The technology to do this does not currently exist, but if we just order it to come into being, it will happen. The authors who presume to order this to happen don’t even pretend to know what technologies may be sufficient to reach their goals, or how much this may cost.

Equally delusional are the plans for transportation, appearing at pages 93-117. The Scoping Plan reports approximately 9 million personal autos registered in New York as of November 2021. The first all-electric Tesla came out in 2008 — thirteen years ago. After those thirteen years, what percent of our personal autos in New York are all-electric? From page 93:

As of November 2021, one half of one percent of the over 9 million registered LDVs in New York were ZEVs.

One half of one percent would be about 45,000 of the 9 million after 13 years. But supposedly we are now going to go to 3 million all-electric cars in just the next 9 years, and then on to essentially all electric by 2050. How to get there? From page 94:

An aggressive and implementable mix of policies will be required to accelerate GHG emission reductions to the level needed by 2030. By 2030 nearly 100% of LDV sales and 40% or more of MHD vehicle sales must be ZEVs and a substantial portion of personal transportation in urbanized areas would be required to shift to public transportation and other low-carbon modes. New York can achieve these goals through ZEV sales requirements and accompanying incentives and investments to help achieve these mandates, historic investments in expanded public transportation and micro-mobility, enhanced bicycle and pedestrian infrastructure, smart growth development, market-based policies that support lower-carbon transportation choices, and potentially a clean fuel standard that reduces the average carbon intensity of fuels as the transition to zero emissions vehicles proceeds.

Order it up, and it will happen. How much extra will New Yorkers have to pay for all these electric vehicles? No mention of that here.

And what is the plan for, for example, air travel and freight rail? From page 95:

Some segments of hard-to-electrify subsectors, such as aviation, freight rail, and potentially some MHD vehicles are expected to rely on green hydrogen and renewable biofuels (e.g., renewable jet fuel) to fully replace fossil fuel combustion if zero emission applications are not feasible.

Airplanes will run on “green hydrogen.” Has there been as of today any demonstration of the feasibility of such a thing, let alone any company working to develop a commercial version?

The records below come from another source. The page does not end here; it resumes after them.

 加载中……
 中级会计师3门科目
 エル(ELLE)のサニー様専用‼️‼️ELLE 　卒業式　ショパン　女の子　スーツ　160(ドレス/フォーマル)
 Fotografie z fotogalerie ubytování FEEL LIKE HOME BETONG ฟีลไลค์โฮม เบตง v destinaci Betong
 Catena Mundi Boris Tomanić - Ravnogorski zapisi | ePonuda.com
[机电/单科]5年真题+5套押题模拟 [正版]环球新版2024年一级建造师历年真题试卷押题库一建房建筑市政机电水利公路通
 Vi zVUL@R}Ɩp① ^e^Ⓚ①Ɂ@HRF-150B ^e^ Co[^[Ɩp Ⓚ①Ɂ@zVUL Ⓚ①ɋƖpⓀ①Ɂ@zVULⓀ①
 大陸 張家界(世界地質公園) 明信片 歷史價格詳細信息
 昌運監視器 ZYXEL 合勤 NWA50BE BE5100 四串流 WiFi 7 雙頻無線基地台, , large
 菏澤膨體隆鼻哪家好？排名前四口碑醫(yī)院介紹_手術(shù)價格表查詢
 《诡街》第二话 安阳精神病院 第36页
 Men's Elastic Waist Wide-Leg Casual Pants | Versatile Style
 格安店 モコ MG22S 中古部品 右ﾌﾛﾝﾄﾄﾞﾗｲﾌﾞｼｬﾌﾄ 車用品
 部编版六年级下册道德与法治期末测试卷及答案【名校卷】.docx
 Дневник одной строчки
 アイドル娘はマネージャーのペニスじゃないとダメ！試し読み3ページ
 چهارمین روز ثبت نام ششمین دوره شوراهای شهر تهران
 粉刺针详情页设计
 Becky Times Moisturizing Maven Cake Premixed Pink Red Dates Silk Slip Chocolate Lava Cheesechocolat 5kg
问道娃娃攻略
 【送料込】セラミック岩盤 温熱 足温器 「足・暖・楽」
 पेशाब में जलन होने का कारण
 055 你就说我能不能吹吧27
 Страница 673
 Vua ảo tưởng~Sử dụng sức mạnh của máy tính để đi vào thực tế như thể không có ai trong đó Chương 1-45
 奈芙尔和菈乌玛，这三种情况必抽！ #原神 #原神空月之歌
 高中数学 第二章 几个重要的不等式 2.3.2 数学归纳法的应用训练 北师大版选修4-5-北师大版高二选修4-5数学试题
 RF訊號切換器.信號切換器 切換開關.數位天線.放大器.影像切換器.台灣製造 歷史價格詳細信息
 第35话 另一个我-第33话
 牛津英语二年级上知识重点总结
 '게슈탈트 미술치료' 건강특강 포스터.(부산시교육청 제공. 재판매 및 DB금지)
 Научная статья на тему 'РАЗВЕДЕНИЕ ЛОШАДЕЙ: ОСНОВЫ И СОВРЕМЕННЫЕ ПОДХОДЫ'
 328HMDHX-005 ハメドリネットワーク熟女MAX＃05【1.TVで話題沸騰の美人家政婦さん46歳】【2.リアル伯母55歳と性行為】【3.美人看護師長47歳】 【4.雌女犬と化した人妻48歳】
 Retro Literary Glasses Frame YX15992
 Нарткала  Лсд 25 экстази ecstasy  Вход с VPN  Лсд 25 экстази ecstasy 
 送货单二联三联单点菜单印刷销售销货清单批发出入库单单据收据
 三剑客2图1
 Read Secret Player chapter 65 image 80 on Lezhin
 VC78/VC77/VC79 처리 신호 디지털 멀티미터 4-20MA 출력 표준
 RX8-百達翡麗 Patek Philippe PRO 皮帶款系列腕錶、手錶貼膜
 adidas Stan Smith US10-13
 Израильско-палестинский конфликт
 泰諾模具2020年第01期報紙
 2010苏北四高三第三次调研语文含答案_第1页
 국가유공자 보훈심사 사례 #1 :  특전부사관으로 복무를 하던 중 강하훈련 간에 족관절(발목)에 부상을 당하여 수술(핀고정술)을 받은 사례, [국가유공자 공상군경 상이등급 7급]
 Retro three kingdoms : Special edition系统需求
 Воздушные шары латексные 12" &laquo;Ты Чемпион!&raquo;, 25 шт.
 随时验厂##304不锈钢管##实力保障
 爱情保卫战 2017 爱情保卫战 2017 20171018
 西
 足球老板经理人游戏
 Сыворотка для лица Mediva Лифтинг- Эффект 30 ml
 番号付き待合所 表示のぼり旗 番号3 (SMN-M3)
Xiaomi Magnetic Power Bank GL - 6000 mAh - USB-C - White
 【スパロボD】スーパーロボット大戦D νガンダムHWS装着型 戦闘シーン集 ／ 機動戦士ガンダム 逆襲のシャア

The Scoping Plan does build on what is called an “Integration Analysis,” that supposedly weighs (wildly underestimated) costs against (almost entirely imaginary) benefits of this energy transition, and comes out with a supposedly positive answer. I don’t have nearly the space here to go into detail on this subject, but highly recommend a November 22 Report from the Empire Center called “The Green Scheme,” as well as the December 15 blog post at Roger Caiazza’s Pragmatic Environmentalist of New York site titled “Review of Costs in Green Scheme: The Climate Action Council’s Climate Transition Cost Analysis.” Here is one among many choice quotes from Caiazza:

The Integration Analysis is not a feasibility study. The Analysis does not include an engineering evaluation to determine how the grid has to be upgraded to maintain current reliability standards much less how much it will cost. One feasibility aspect that is included is a technology to cover the need for zero emissions, firm dispatchable resources. The analysis proposes using hydrogen resources for this aspect of the system but that technology has not been proven at the scale necessary for New York’s requirements. Any cost estimates of an unproven technology are wildly uncertain. In addition, I cannot find any reference to necessary transmission ancillary services support so I agree that the grid issues raised have been overlooked.

I suppose one possibility is that New York actually proceeds down the road laid out in this “Scoping Plan,” and rapidly hits the green energy wall that I discussed in my post a couple of weeks ago. But this work product is so preposterous and so amateurish that my prediction is that after a few years it will just be ignored and forgotten.